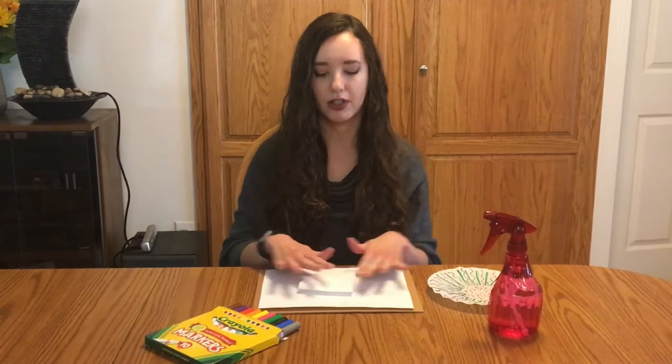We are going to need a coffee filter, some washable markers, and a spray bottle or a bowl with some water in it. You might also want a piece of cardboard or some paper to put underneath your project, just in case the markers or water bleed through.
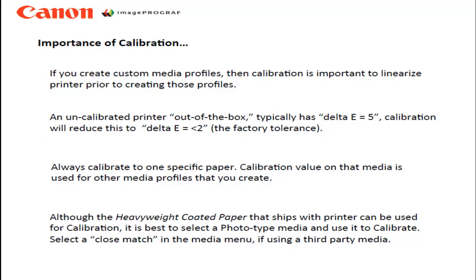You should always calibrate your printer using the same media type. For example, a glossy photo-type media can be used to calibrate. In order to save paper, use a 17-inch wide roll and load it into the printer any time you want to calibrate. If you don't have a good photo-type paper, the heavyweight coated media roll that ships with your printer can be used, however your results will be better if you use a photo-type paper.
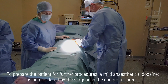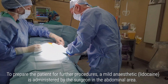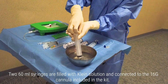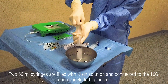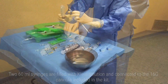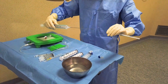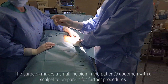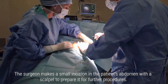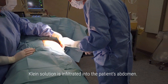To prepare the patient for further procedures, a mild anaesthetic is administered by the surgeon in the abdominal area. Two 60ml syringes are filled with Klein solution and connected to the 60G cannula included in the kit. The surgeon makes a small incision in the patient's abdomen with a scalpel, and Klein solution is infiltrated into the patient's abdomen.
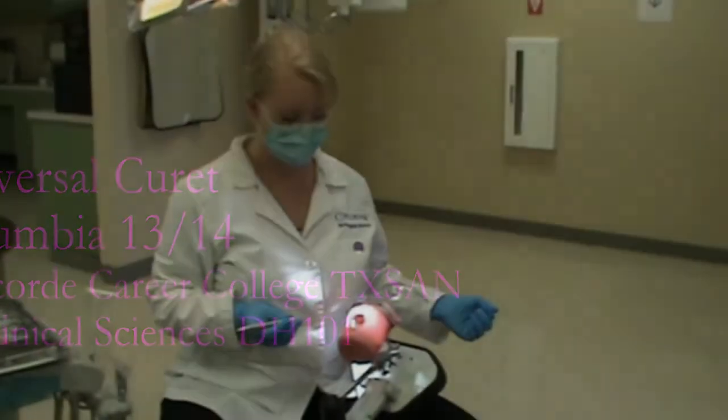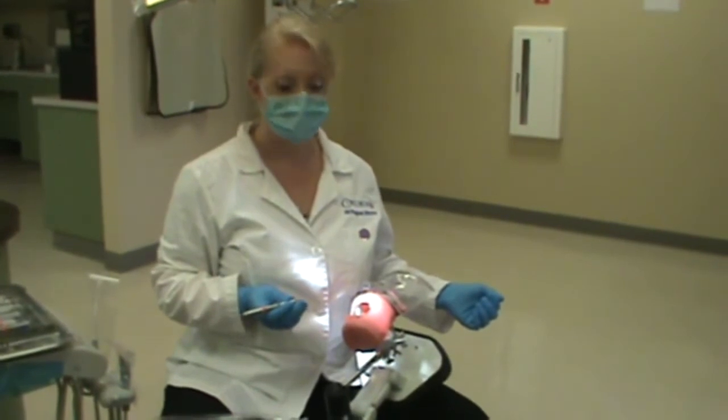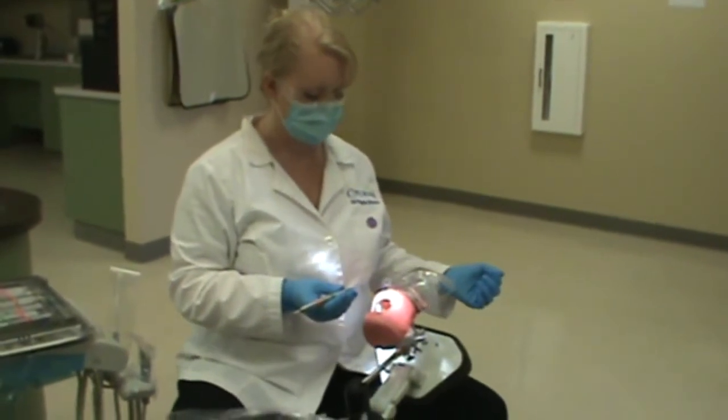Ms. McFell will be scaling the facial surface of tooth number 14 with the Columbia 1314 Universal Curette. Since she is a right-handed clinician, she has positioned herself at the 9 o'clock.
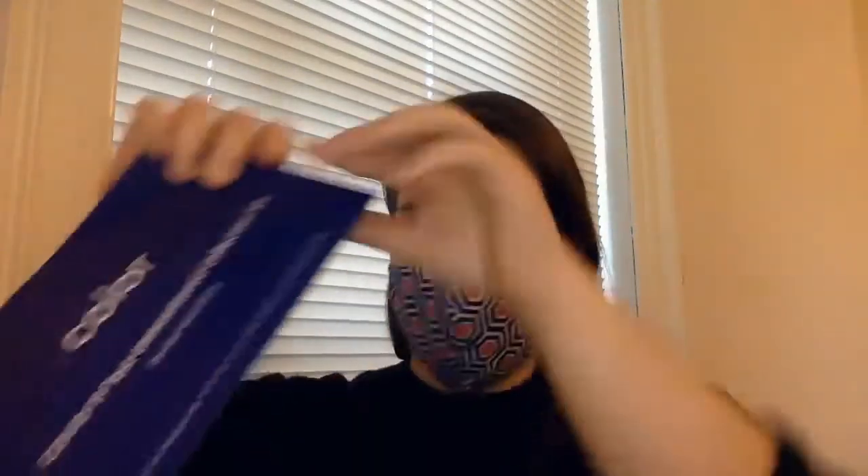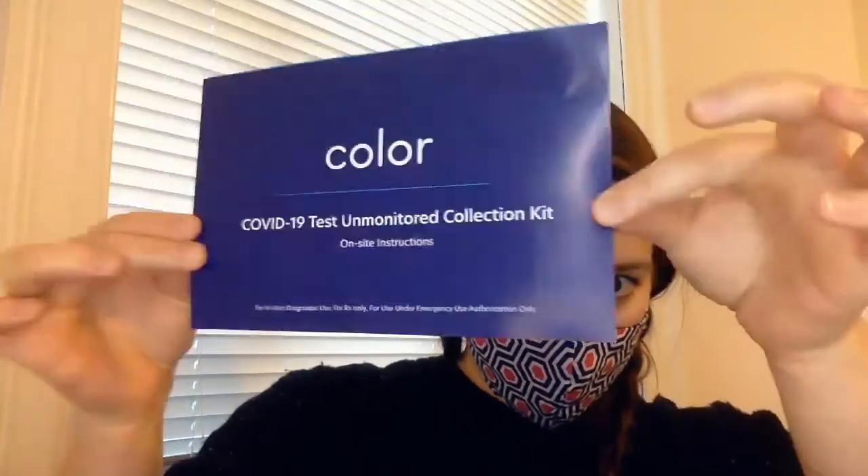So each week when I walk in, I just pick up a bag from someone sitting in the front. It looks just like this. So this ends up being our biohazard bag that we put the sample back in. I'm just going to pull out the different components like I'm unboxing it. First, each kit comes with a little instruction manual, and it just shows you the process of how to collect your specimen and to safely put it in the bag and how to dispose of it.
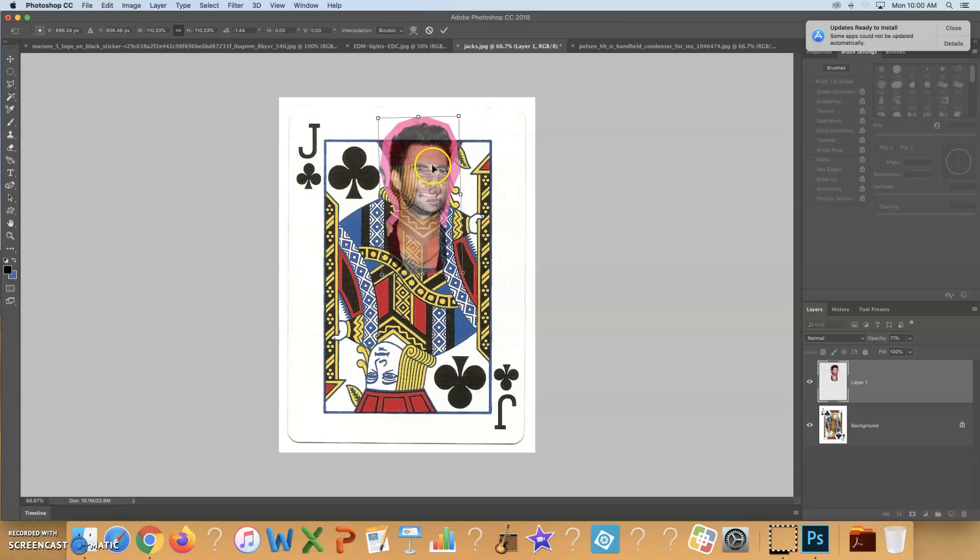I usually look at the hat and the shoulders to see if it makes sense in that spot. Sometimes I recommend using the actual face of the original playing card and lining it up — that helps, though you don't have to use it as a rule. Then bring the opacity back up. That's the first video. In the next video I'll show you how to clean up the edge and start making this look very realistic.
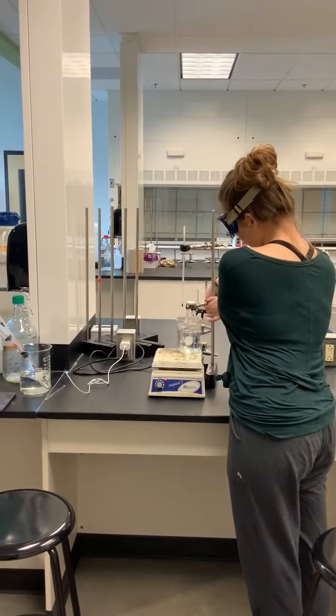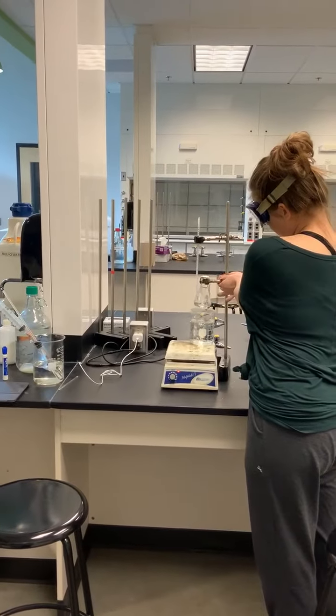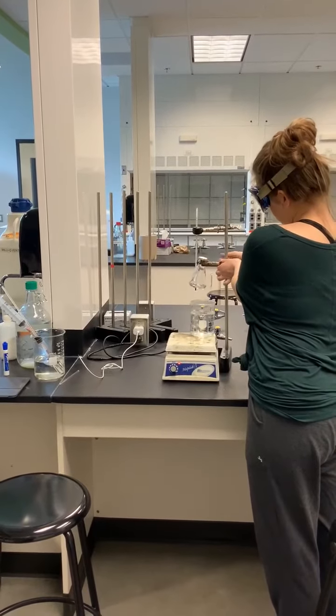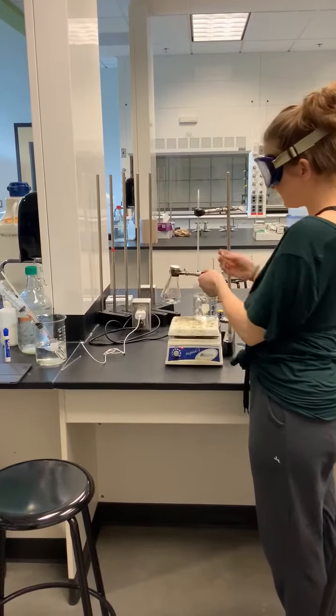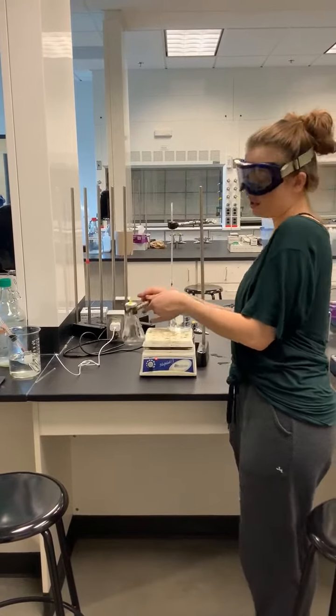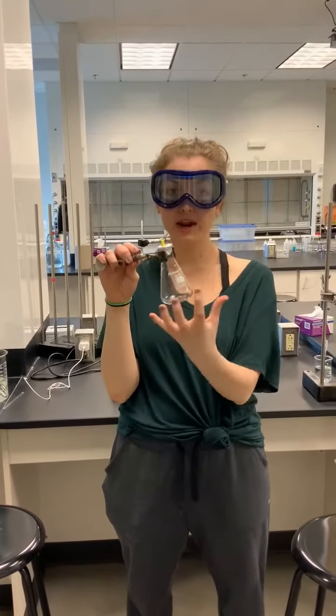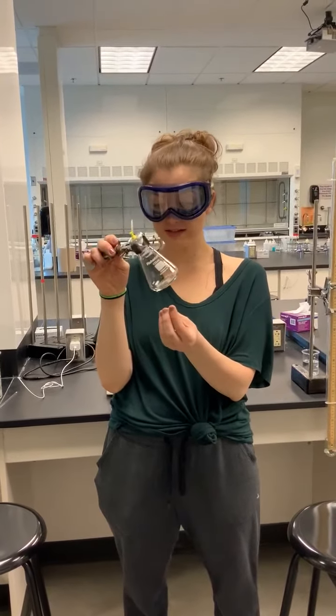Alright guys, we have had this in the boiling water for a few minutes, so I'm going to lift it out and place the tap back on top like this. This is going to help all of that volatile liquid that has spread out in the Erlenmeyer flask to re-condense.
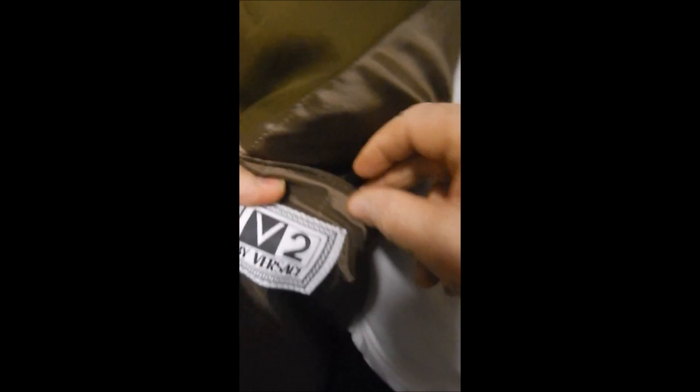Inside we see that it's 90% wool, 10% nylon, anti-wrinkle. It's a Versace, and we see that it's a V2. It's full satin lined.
# # # # # # #
- _Exercise description_: Give the data back exactly, omitting all pictures.

- _Response area_:
We are going to need a coffee filter, some washable markers, and a spray bottle or a bowl with some water in it. You might also want a piece of cardboard or some paper to put underneath your project, just in case the markers or water bleed through.
You should always calibrate your printer using the same media type. For example, a glossy photo-type media can be used to calibrate. In order to save paper, use a 17-inch wide roll and load it into the printer any time you want to calibrate. If you don't have a good photo-type paper, the heavyweight coated media roll that ships with your printer can be used, however your results will be better if you use a photo-type paper.
To prepare the patient for further procedures, a mild anaesthetic is administered by the surgeon in the abdominal area. Two 60ml syringes are filled with Klein solution and connected to the 60G cannula included in the kit. The surgeon makes a small incision in the patient's abdomen with a scalpel, and Klein solution is infiltrated into the patient's abdomen.
Ms. McFell will be scaling the facial surface of tooth number 14 with the Columbia 1314 Universal Curette. Since she is a right-handed clinician, she has positioned herself at the 9 o'clock.
So each week when I walk in, I just pick up a bag from someone sitting in the front. It looks just like this. So this ends up being our biohazard bag that we put the sample back in. I'm just going to pull out the different components like I'm unboxing it. First, each kit comes with a little instruction manual, and it just shows you the process of how to collect your specimen and to safely put it in the bag and how to dispose of it.
I usually look at the hat and the shoulders to see if it makes sense in that spot. Sometimes I recommend using the actual face of the original playing card and lining it up — that helps, though you don't have to use it as a rule. Then bring the opacity back up. That's the first video. In the next video I'll show you how to clean up the edge and start making this look very realistic.
Alright guys, we have had this in the boiling water for a few minutes, so I'm going to lift it out and place the tap back on top like this. This is going to help all of that volatile liquid that has spread out in the Erlenmeyer flask to re-condense.
Inside we see that it's 90% wool, 10% nylon, anti-wrinkle. It's a Versace, and we see that it's a V2. It's full satin lined.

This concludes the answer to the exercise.